All multiples of 5 have at least one factor of 5. Powers of 5, as in 5^2 or 5^3, have more than one factor of 5, so those needs to be counted more than once. More on that later.

The equation for calculating the number of multiples of 5 within n! is n / 5. For example, 10! = 1 * 2 * 3 * 4 * 5 * 6 * 7 * 8 * 9 * 10. Did you spot the multiples of 5? They are 5 and 10, so there are two multiples of 5 in 10!. There are 10 total numbers being multiplied together in 10! and we encounter a multiple of 5 every 5 numbers. So, in 10 numbers, we encounter 2 multiples of 5.

So, for every multiple of 5 in n!, we know we have a factor of 5 (which means we have a factor of 10 and the number of factors of 10 is the number of zeroes at the end of n!). So, using a variable to store the count of factors of 5, we can use the equation above and add n / 5 to our count.

But we're not done yet. We need to be sure to count the additional 5s hiding in numbers like 25, 625, 5^4, 5^5, etc. These numbers are multiples of 5, so they've already been counted once, but they contain additional factors of 5 that need to be counted again. 25 has one more factor of 5. 625 has two more. 5^4 has three more, etc.

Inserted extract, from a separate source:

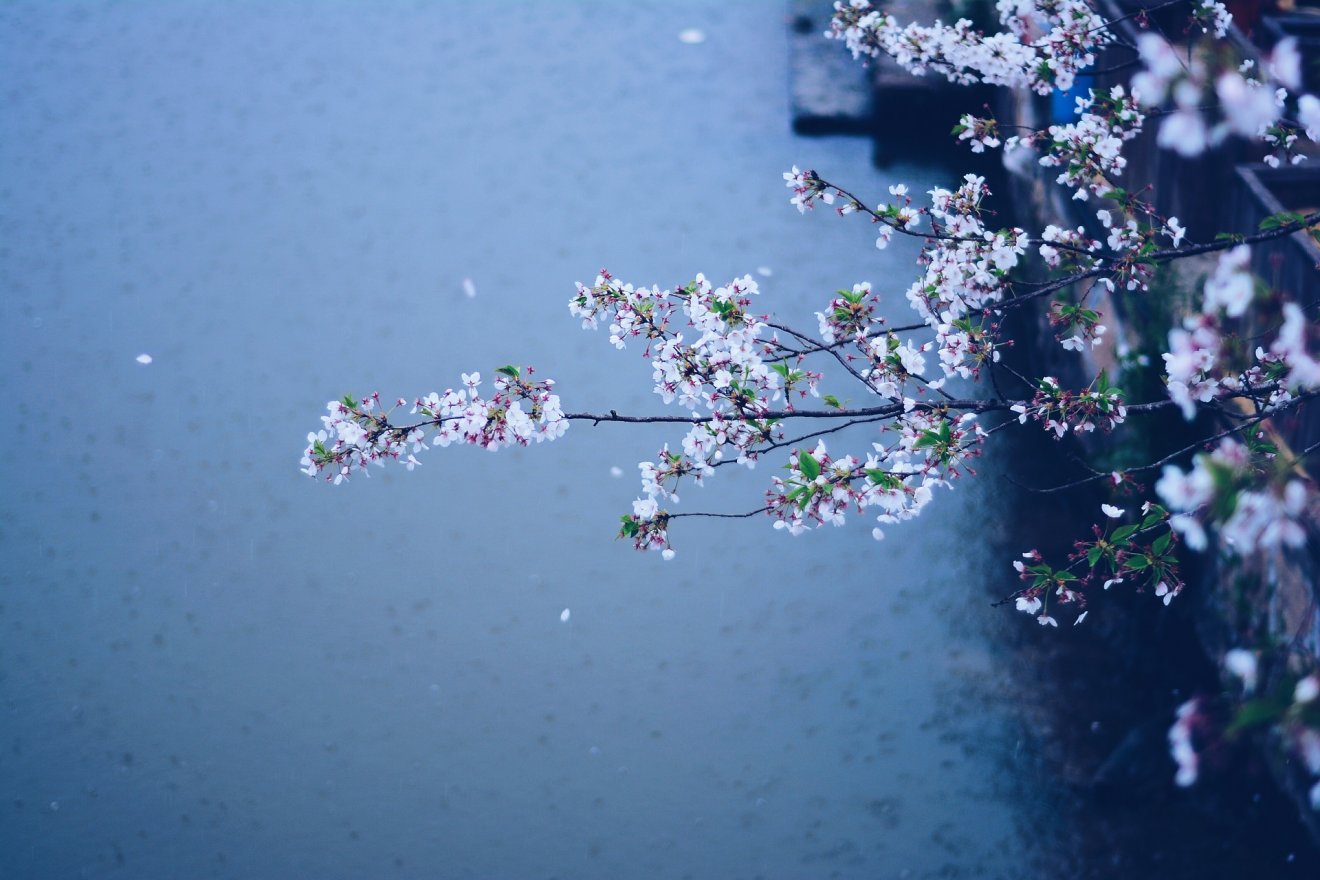 •  Fotó: Pixabay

To handle the additional factors of 5 the multiples of 25 contribute, we can just add the number of multiples of 25 to our count. They were already counted once when we added the number of multiples of 5 to our count. That took care of their first factor of 5. Counting them once again takes cares of their second factor of 5. To do this, we can use the equation for calculating the number of multiples of a number in n! again, adding n / 25 to our count.

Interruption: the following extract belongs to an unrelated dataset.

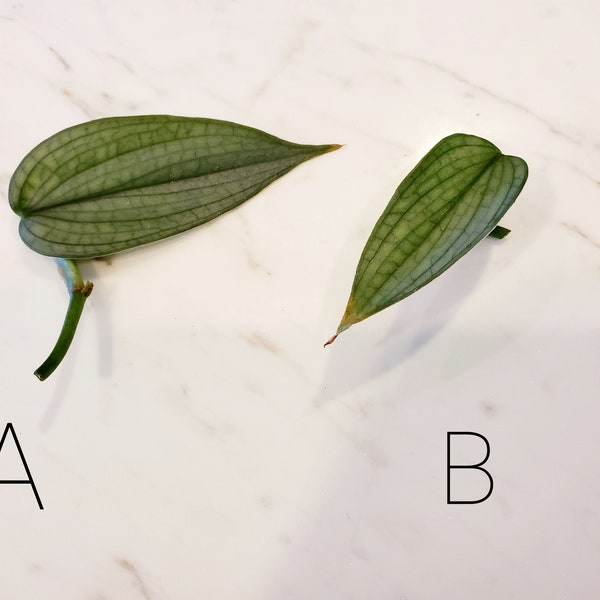 Burle Marx Fantasía Pequeño LEAF Corte Sin Raíces - Envío Libre - Una Pequeña Planta Sin Raíces -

The same needs to be done for multiples of 625. They have a total of three factors of 5. The first was counted when we counted the number of multiples of 5. The second was counted when we counted the number of multiples of 25 (multiples of 625 are also multiples of 25). We can count the third by counting the number of multiples of 625. So, count += n / 625.

We can stop counting when we reach the point where we're not getting back any multiples. For example, 10! doesn't have any multiples of 25, much less 625. So, we can stop counting once our calculation for the number of multiples returns 0 (i.e. the denominator is so large that the calculation results in a number less than 1).

The way to grow the denominator from 5 to 25 to 625 and on is to just keep dividing by 5. After all, n / 25 = (n / 5) / 5. And the local count of the multiples for the current power of 5 can be elegantly reused in our algorithm as the value which we divide by 5 again to calculate the number of multiples of the next power of 5.